I’ll be humble this year, as you were already so generous in the last three years that I don’t dare ask too much:

  • First, I wish for nice weather in Dražgoše. The soldiers of the Liberation Front of the Slovene Nation deserve a blue sky and sun. This includes their youngest member, a 22-year-old veteran, a reincarnation of a soldier from the battle at Prevalje. Like every year, I must thank them for continuing the tradition of symbolic popular militarisation and silent class struggle.
  • I wish for many new parties in the election year of 2018. You never know where the new Modern Centre Party might be hiding. I don’t care whether the victor is Homosexual Slovenia, the United Pork Half, the Democratic Association of the Friendship between Slovenia and the Islamic State of Iraq and the Levant, the Party of Marjan Šarc … Whoever it’ll be, they just need to be loyal to the ideals of the revolution. Nevertheless, let me whisper in your ear, dear Santa, that the Left is the only party into which I’m putting all my social democratic hopes … So that you’ll know where to direct the political barometers.
  • I wish for the second track to start being built immediately after 2 January. My colleagues from a forum are already eagerly calling me every day since they want to build and contribute to the future of Slovenia. You, Santa, also know that the future is paved with (two-way) rail tracks. If we don’t start building today, we might already all talk German by tomorrow, and you know that socialists aren’t talented for foreign languages.
  • I wish for Palestine to be recognised next year. It’s true that I didn’t want Slovenia to get its own country in 1991, but only because we’d been happy in the South Slavic self-governing brotherhood. Every day of their existence, the Palestinians are being crushed by the imperialistic Jewish boot. Considering this suffering, it’s no wonder that they’re marrying 12-year-old girls and hiding behind women and children.
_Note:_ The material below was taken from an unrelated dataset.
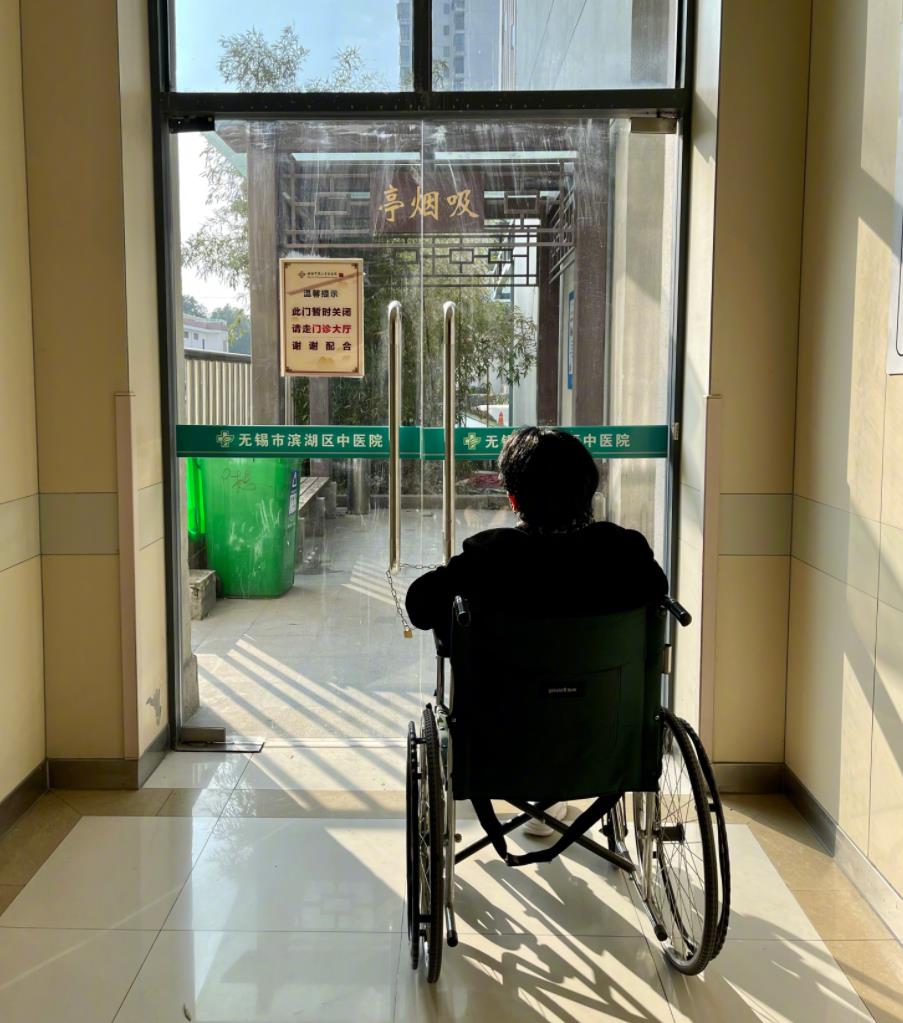 陈志朋|太拼了！49岁陈志朋继减肥24斤后，又在舞台上大秀一字马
The martyrs of the Hamas movement are like some kind of Arab manifestation of the Liberation Front. Santa, I know you’ll help them, even though they don’t believe in you.
  • I wish for RTV Slovenia to invite me to many of their shows. It’s nice to see me on the TV-screen. The only man that’s sexier in front of a camera is Luka Mesec.
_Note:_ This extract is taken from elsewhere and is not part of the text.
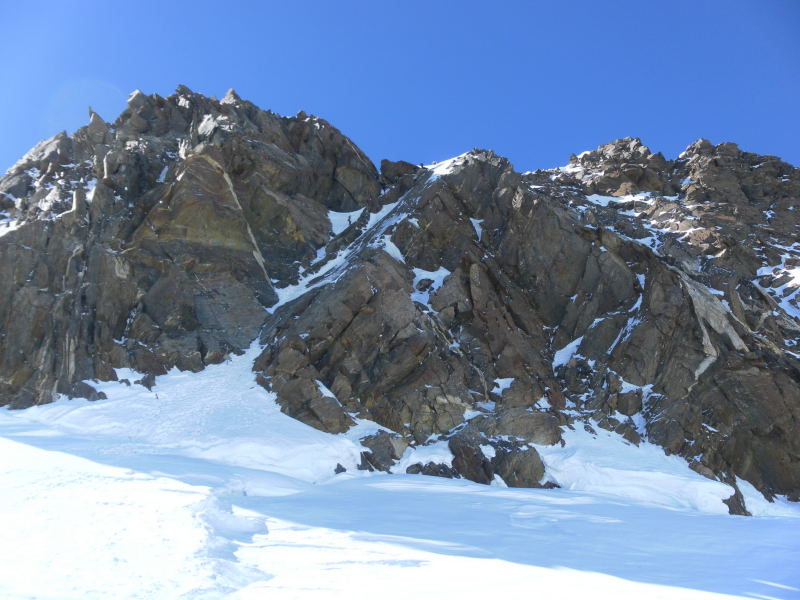 Foto: Wolfgang Lauschensky / Skitour / Dufourspitze 4634m / Nordcouloir aus dem Silbersattel / 27.04.2015 13:11:25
  • I wish for Slovenia to finally leave the NATO alliance, which ignites global conflicts and spreads American imperialism. A while ago, they wanted to create a rift between our eastern brothers and sisters in Ukraine and Russia, and we only watched and nodded. Santa, do something to put Slovenia on the path towards international sovereignty.
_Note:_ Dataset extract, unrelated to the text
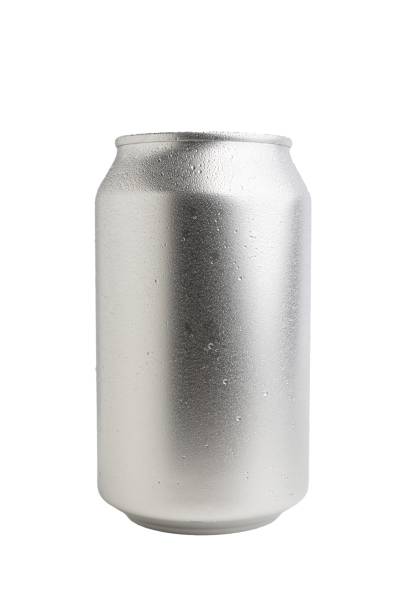 istock Aluminum soda can mockup isolated on white background 1650255446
  • I wish for my friend Zoran Janković to lead Ljubljana, the most beautiful city in the world, for the rest of his life and, in the spirit of the former country that was taken from us, lure dozens of suspicious Serbian businessmen and Wahhabis from Qatar to the Slovenian capital, because their money will always find fertile ground in socialist countries like Slovenia. Together with the taxpayers’ euros, it’ll ensure that the city will keep prospering and be known internationally as the Paris of the east and the Novi Sad of the north.
  • I wish for the NLB bank to remain in Slovenian hands. No foreign financial institution could understand the Slovenian talent for making money out of nothing. The rest of the world simply isn’t familiar with our progressive financial instruments. I know that you’ll be able to persuade Margrethe Vestager, since she’s also a socialist, though not as passionate as we.
  • I wish for Slovenians to keep buying Slovenian. Even when the products are more expensive and worse than foreign ones. Because by buying a terrible Slovenian product, Slovenians show that they’re true patriots. I also ask you, Santa, even though you’re not Slovenian, to buy Slovenian toys, and if you buy Chinese ones, at least make sure to take them from Slovenian shelves when they’ve already been covered with Slovenian taxes and tariffs.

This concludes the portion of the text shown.